1/3 cup quinoa (wash carefully! See the comment from my Boliva-traveling friend)
2/3 cup stock
1 beetroot* grated
1 onion finely chopped (I used white, though red is recommended)
1 tbsp olive oil
big handful of parsley
1/2 lime's worth of juice
1 tbsp aged red wine vinegar
black pepper


Dry roast the quinoa in the frying pan for a minute or two. Add stock and simmer covered on low for 15min. Remove from the heat and let sit for 5mins. Saute onion in olive oil for 10mins or so.

Combine beetroot, parsley, lime juice, vinegar and pepper in a bowl. Beetroot and parsley are both fantastic nutrients, containing all sorts of great antioxidants and vitamins.

Add onion mixture, quinoa and beetroot mix to make a salad. Voila!

Look how crazy the quinoa is! The little grains look like tiny eggs with tails floating off.

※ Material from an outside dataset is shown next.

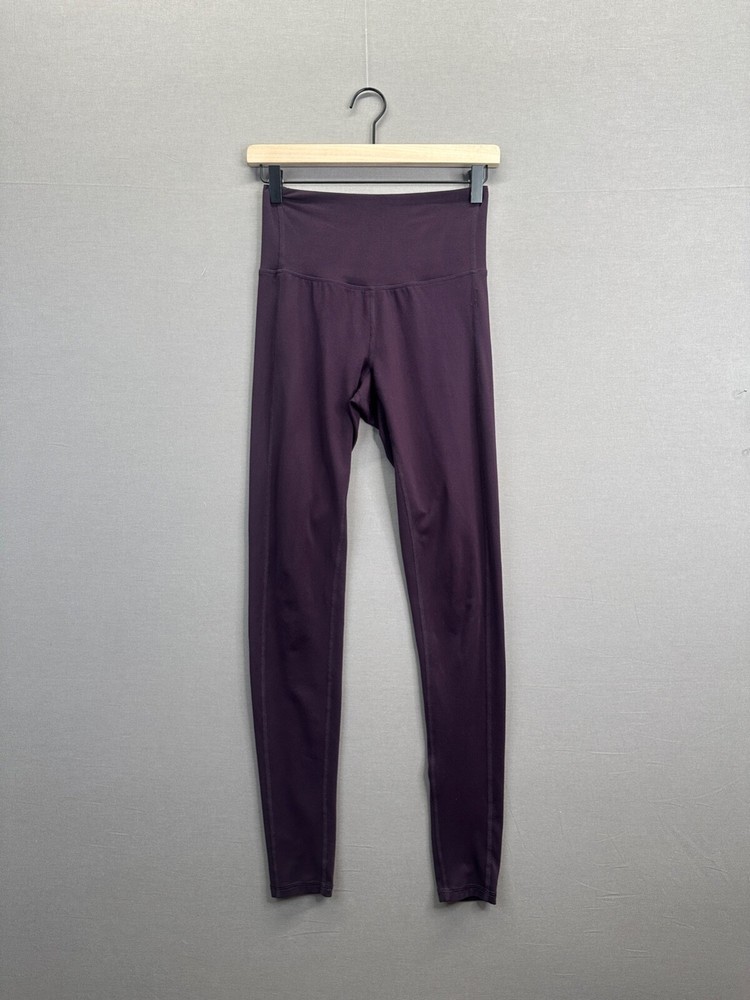 Champion Womens Purple Leggings Elastic Waist Pull On Size Small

This stuff is so much tastier (and healthier) than cous cous. Apparently it sprouts fast overnight, releasing even more nutrients.

Plus, this recipe was super-yummy. The textures really pop and it's super fast and easy to make. 20 minutes to noms.

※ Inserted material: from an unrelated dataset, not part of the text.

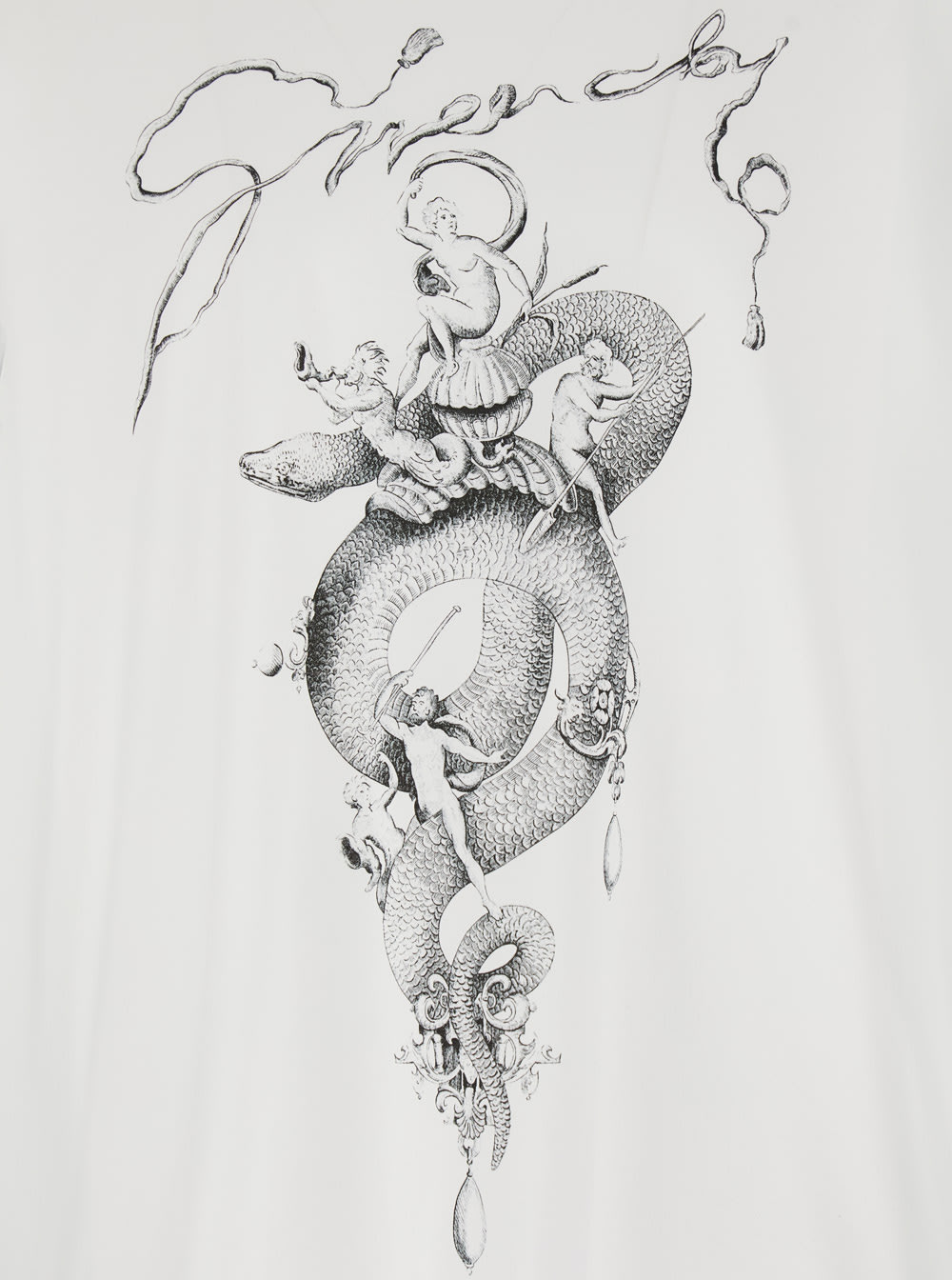 Givenchy White Crewneck T-shirt With Maxi Logo Print On The Front In Cotton Man In White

* Ingredients in green come from Food Connect


  1. Did you wash, wash, wash your Quinoa? First time we tried to make it (in a trangia in bolivia) we failed at this and it was not as nice as all the quinoa being served to us, next time (back home) we did the triple wash and rub and it made it the super-yum eating experience it should be. It also cooks up a treat in the rice cooker!! When you wash and rub it feels like a soapy coating is coming off...

  2. I *think* ours had been washed clean (based on info I found on the net). But, I'll be more scrupulous next time and let you know whether it tastes any better. Thanks for the reminder. How amazing is it that you have actually eaten he stuff in Bolivia!

  3. That's a great recipe! Isn't quinoa fun to cook with!

    I like to cook my quinoa a little longer. Actually I cook it on a stove top until all the water is boiled away. Then I turn off the heat and let it steam undisturbed with the lid on for about 15 min. It should be all one color with no white spots as it is not quite done yet in your picture. ;)

    Thank you so much for your great recipe!